Cloudydict is a cross vendor compatibility layer that makes all cloud file services look as much like a python dict as possible.
Use cloudydict instead of boto or cloudfiles and enjoy simple dictionary based access to your files.
Its on Pypi. Just run this:
$ pip install --upgrade cloudydict
You might want to take a look at cloudydict's homepage: http://wnyc.github.io/cloudydict/
Python dicts are awesome. The cloud is awesome. So why do the python APIs for these services suck so much?
The intuitive API to retrieve something with boto from S3 should be:
cloud = S3Connection().get_bucket(<my_bucket>)
value = cloud[<my key>]
So why is it boto requres I say:
cloud = S3Connection().get_bucket(<my_bucket>)
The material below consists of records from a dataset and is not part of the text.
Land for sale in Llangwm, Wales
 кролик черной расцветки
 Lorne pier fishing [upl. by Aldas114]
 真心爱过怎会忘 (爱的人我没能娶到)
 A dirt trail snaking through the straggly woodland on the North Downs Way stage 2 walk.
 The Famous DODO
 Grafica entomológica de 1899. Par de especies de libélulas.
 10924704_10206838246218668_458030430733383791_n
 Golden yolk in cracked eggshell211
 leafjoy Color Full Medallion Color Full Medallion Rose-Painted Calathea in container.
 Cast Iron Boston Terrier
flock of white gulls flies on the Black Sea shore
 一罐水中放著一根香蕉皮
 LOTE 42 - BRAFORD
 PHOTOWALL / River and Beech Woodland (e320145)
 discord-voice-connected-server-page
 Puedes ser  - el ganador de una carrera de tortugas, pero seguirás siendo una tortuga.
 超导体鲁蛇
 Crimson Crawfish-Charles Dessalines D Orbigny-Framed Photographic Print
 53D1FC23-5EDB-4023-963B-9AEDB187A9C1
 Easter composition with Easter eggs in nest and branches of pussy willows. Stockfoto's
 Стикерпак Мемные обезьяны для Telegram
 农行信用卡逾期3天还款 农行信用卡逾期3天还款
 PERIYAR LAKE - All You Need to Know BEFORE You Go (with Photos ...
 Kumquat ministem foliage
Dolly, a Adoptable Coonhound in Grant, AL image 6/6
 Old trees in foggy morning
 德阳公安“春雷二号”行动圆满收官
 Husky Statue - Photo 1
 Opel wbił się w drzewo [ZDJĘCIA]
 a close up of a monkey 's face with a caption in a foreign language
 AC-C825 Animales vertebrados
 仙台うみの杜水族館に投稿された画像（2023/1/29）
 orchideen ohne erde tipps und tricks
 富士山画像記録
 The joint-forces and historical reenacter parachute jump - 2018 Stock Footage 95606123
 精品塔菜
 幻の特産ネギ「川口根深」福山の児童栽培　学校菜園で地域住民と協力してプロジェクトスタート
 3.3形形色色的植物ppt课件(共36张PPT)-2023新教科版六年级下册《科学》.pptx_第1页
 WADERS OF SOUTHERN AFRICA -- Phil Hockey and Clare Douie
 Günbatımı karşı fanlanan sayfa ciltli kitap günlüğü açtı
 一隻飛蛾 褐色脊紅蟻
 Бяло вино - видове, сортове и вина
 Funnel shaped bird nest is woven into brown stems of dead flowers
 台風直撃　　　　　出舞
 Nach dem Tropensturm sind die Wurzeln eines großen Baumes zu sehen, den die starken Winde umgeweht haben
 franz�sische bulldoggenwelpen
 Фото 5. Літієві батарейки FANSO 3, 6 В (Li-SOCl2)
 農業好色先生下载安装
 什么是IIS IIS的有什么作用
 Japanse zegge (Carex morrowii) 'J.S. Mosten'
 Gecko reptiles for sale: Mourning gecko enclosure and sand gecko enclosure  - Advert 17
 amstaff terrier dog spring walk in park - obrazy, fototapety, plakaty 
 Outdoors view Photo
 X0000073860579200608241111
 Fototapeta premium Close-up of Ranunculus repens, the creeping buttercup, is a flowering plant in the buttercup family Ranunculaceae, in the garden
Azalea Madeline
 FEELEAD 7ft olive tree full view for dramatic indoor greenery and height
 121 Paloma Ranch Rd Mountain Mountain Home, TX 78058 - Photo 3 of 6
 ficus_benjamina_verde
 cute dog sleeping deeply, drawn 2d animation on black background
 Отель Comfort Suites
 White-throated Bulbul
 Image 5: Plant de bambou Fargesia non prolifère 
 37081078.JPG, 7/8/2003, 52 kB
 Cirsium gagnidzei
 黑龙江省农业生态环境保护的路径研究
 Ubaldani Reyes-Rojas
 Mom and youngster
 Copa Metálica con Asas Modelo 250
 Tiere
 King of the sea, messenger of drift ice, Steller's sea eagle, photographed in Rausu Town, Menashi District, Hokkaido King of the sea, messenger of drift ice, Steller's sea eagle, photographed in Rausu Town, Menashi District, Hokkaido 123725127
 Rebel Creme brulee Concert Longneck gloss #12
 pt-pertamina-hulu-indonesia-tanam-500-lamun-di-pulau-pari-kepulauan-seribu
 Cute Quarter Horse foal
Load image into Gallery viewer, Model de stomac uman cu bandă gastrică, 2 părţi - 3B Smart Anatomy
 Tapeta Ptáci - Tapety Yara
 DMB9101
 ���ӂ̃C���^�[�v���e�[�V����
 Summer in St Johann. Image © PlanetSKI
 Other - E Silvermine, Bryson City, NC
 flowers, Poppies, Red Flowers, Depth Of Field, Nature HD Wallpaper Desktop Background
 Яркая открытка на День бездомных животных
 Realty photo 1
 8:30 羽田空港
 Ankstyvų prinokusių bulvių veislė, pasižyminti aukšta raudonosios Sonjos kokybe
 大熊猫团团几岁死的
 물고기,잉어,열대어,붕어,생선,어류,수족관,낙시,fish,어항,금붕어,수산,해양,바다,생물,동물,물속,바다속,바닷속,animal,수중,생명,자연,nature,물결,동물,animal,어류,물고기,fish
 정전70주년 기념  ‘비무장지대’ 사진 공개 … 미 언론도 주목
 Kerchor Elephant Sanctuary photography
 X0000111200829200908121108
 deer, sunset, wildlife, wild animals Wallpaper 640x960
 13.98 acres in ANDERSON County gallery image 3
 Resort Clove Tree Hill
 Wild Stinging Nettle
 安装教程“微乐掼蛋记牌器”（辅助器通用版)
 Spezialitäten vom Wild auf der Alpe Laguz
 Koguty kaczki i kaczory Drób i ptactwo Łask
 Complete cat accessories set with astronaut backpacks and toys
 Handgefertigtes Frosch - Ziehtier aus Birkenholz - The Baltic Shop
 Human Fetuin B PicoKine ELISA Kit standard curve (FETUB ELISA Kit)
key = cloud.get_key(<key>)
value = key.get_contents_as_string()
Similarly why does Rackspace require I say:
cloud = cloudfiles.get_connection().get_container(<my_bucket>)
obj = cloud.get_object(<key>)
value = obj.read()
Testing for membership is equally cumbersome. In python I might write:
if key in cloud
Boto requires I write:
if cloud.get_key(<key>) is None:
Cloudfiles requires I write:
try:
cloud.get_object(<key>)
except NoSuchObject:
pass
Cloud files are a dictionary. They should act like one. Cloudydict fixes that.
This tutorial assumes you are using Amazon S3 and have already setup your .boto configuration file.
Normally when you create a dictionary in python it suffices to say:
a = dict()
In cloudydict you need to provide one more piece of information. The name of your bucket in which you store your key/value pairs.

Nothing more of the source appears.